===== PROVIDED ENTRIES
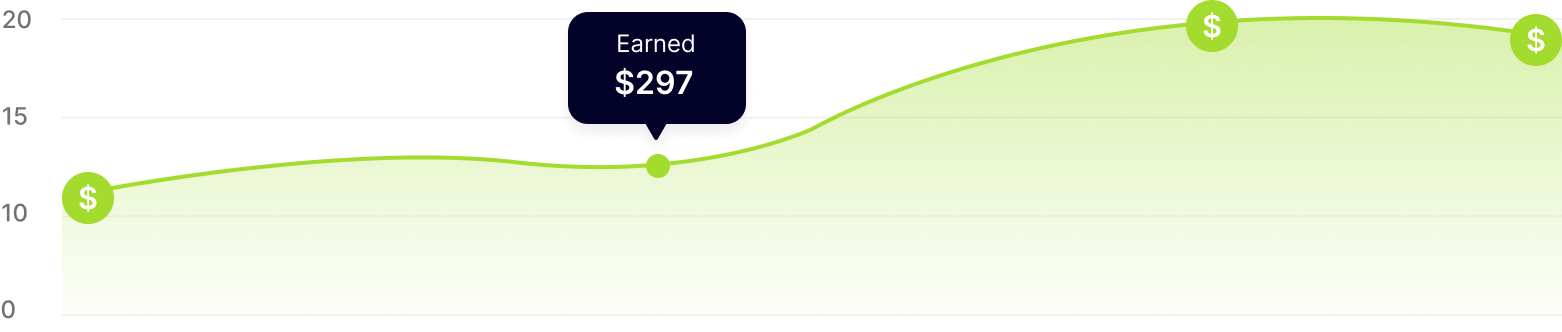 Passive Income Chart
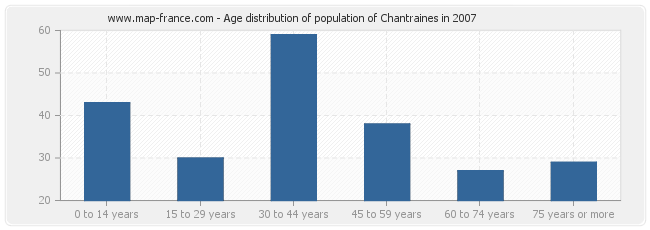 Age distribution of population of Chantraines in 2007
==========
===== PROVIDED ENTRIES
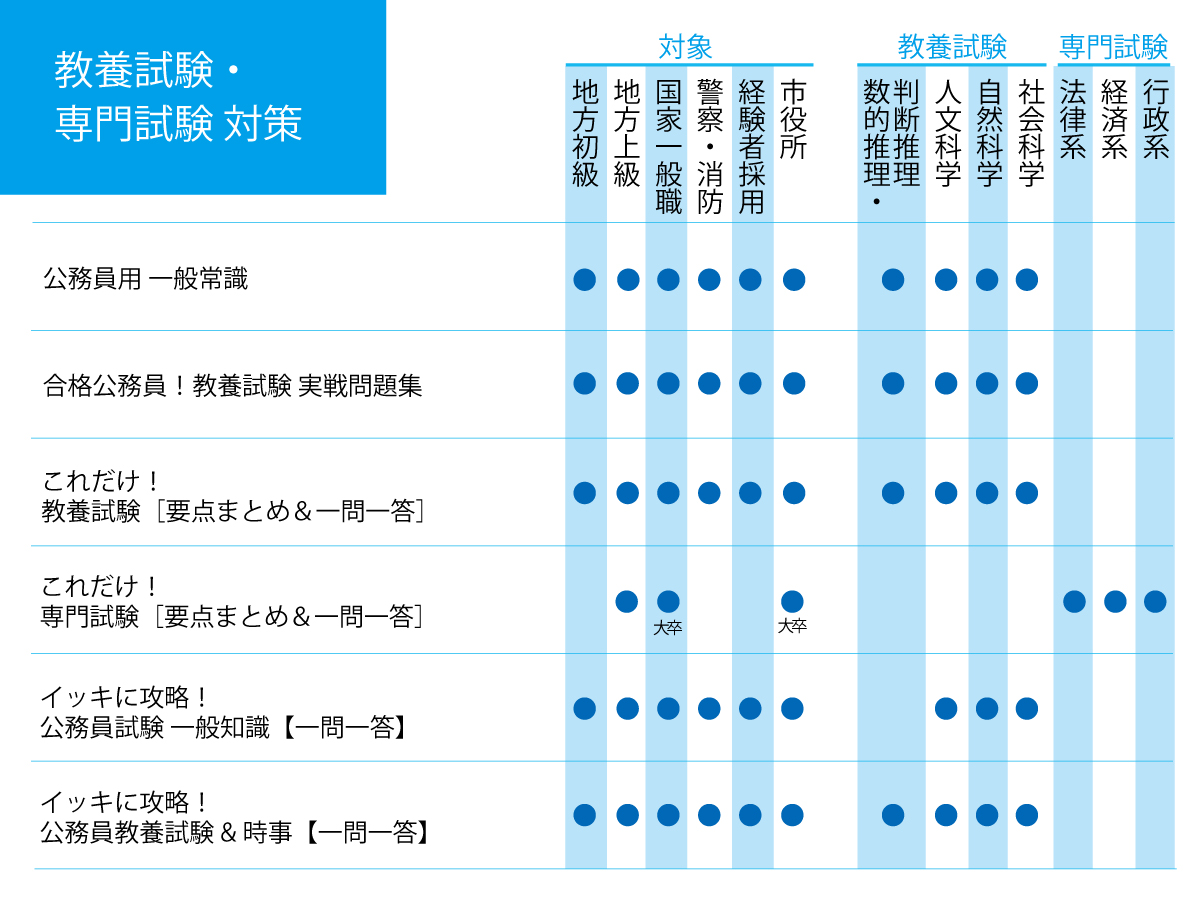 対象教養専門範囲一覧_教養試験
==========
===== PROVIDED ENTRIES
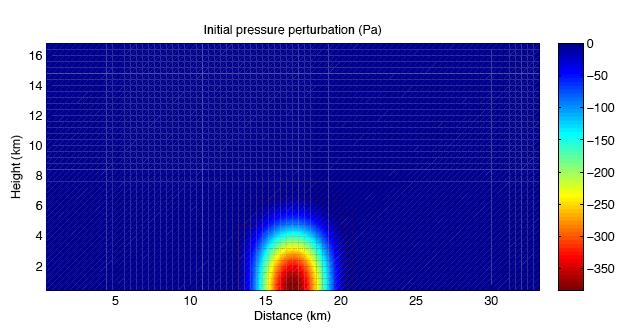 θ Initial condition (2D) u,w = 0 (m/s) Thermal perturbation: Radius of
==========
### ABOUT THIS EXERCISE:
Please repeat the lines of the material above exactly, starting with the line that contains "Passive Income Chart" and ending with the line that contains "Age distribution of". Leave the pictures out.

### FINAL ANSWER:
 Passive Income Chart
 Age distribution of population of Chantraines in 2007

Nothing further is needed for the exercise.